By clarifying the data, you are altering the definition of time complexity. Time complexity is independent of the data. It is based on the size of the data. The n used in the definition is a size, not a type. You don't have a "sorted n" and an "unsorted n". You simply have n. If you don't want to test the algorithm on actual data, you can perform a step analysis. Unroll all of the loops (even recursive calls can be considered loops) into a non-looping algorithm. You will be left with the number of steps required to complete the algorithm. Once again, you must do this with repeated values for n because some loops depend on the size of n to determine how many times the loop is processed. If you then assume each step is processed in a fixed amount of time, you can estimate the amount of time required for the algorithm. That is, pretty much, how humans do it. You eyeball the loops and guess at a time complexity. A loop by itself is n. A loop in a loop is n². -- kainaw™ 19:58, 11 February 2011 (UTC)[reply]

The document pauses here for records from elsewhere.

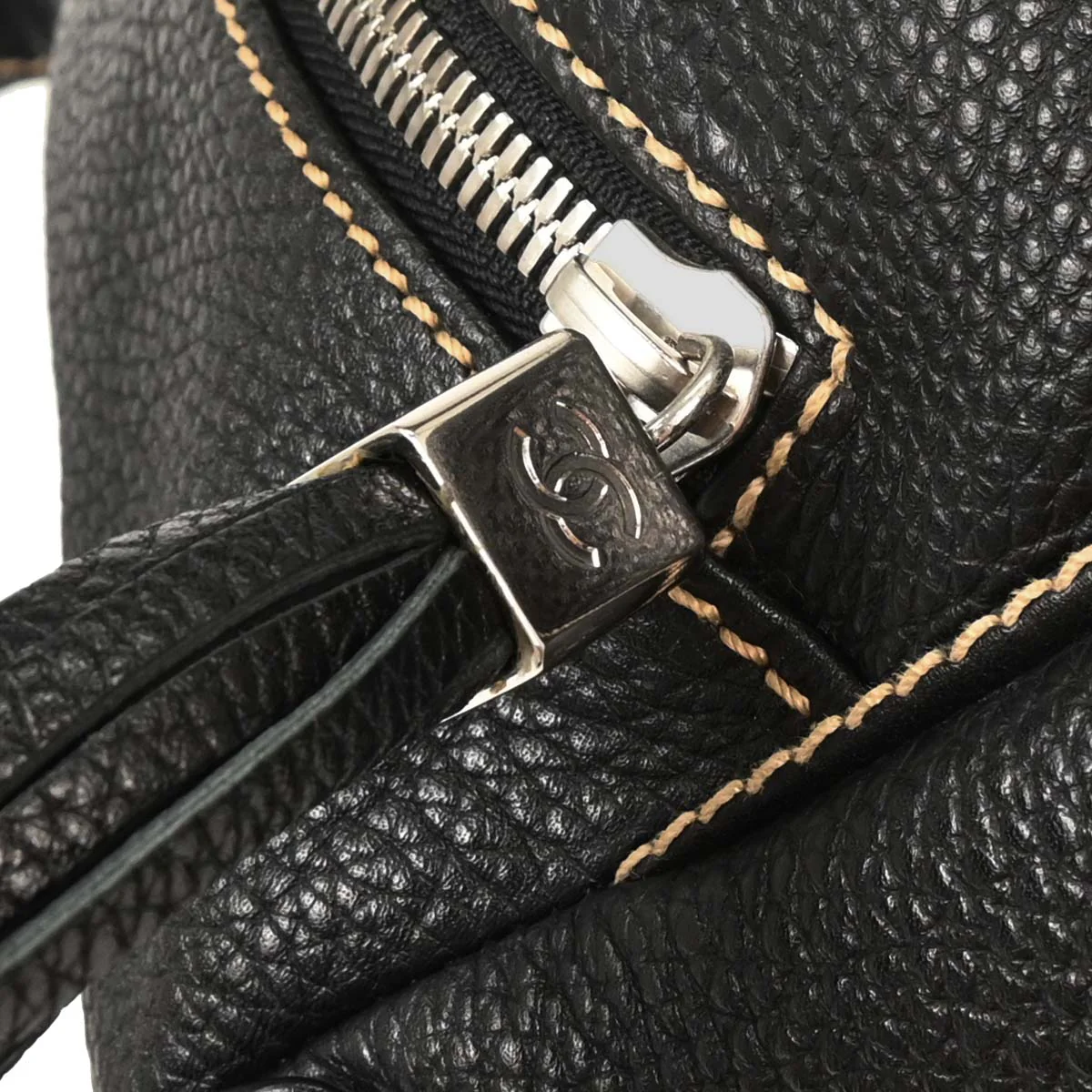 Chanel 2003-2004 Black Calfskin Handbag - Image 4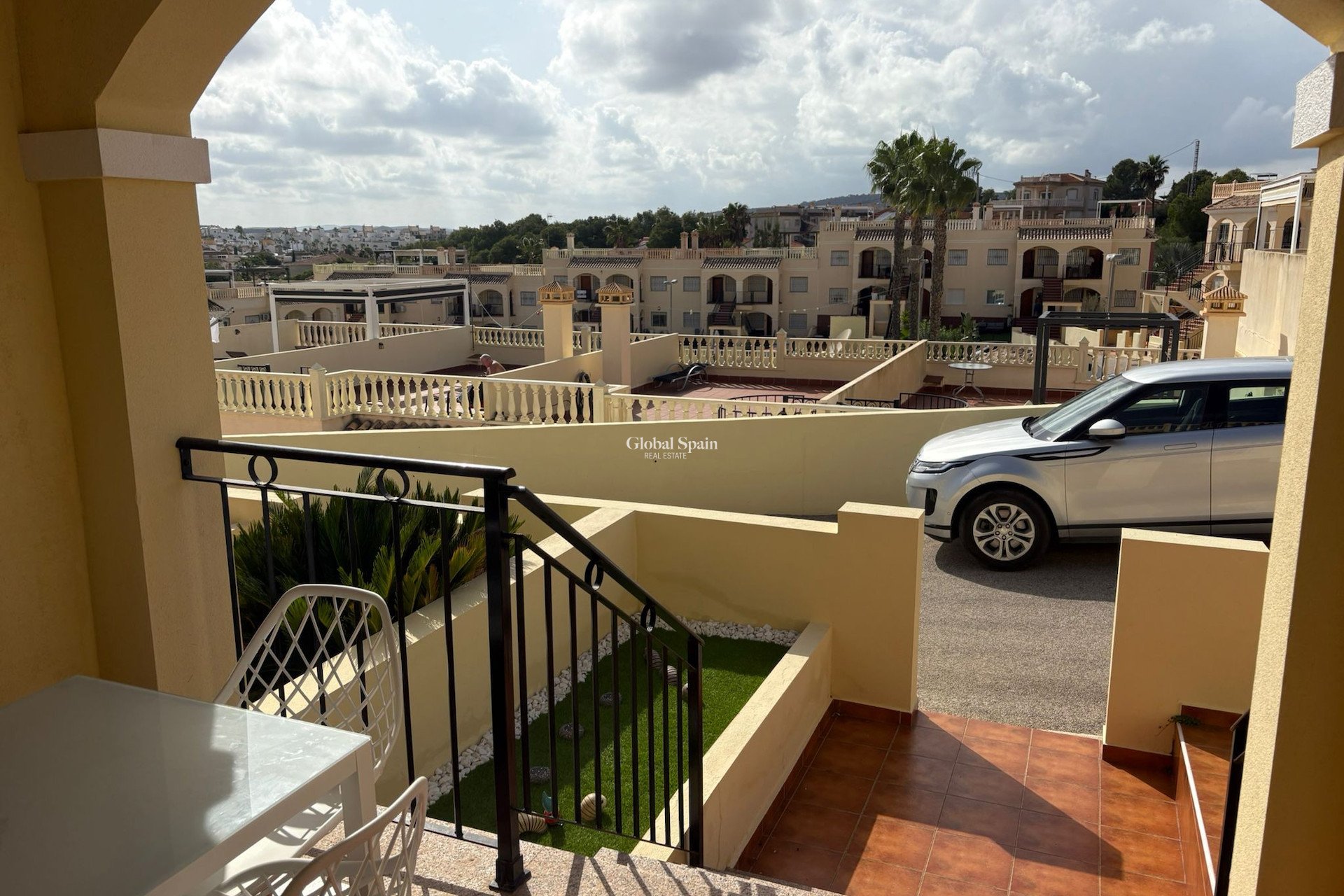 Revente - Maison -
ALGORFA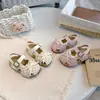 Zapatos para bebés y niños pequeños Zapatos de un solo color con lazo francés Sandalias Mary Jane de verano 2026 nuevas para niñas con punta redonda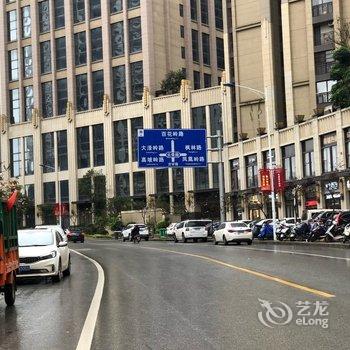 南宁美少女战士LgR公寓酒店提供图片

Please see time complexity. The time complexity of an algorithm is usually taken to mean its worst-case behavior on an input of a given size. Thus a smoothsort has time complexity O(n log n) even though it runs as O(n) on sorted data. Thus, if in the "solution" you proposed above, I were unlucky enough to give sorted data to the algorithm for various values of n, then I would (incorrectly) reckon a time complexity of O(n). The definition of time complexity requires knowing the behavior of the algorithm for all possible inputs of a given size. Sławomir Biały (talk) 20:13, 11 February 2011 (UTC)[reply]

I've read the article and I know what smoothsort is. When using the solution I suggested on smoothsort, I set tests-per-n to 100 to avoid odd cases of sorted data. I set initial n at 100 and incremented to 1000000. After plotting average time per n, the best fit was 0.92 lg(n) n^1.03. Rounded to the nearest integers, that is lg(n)n or n log n. So, your theory is that this method will fail miserably. When implemented, it gets a rather accurate answer. Further, I can do it on any sorting algorithm. Bubble sort returns 0.02 lg(n) n^1.93. That is pretty much n² if I'm not mistaken. I suppose that is, in theory, completely off also. -- kainaw™ 16:59, 12 February 2011 (UTC)[reply]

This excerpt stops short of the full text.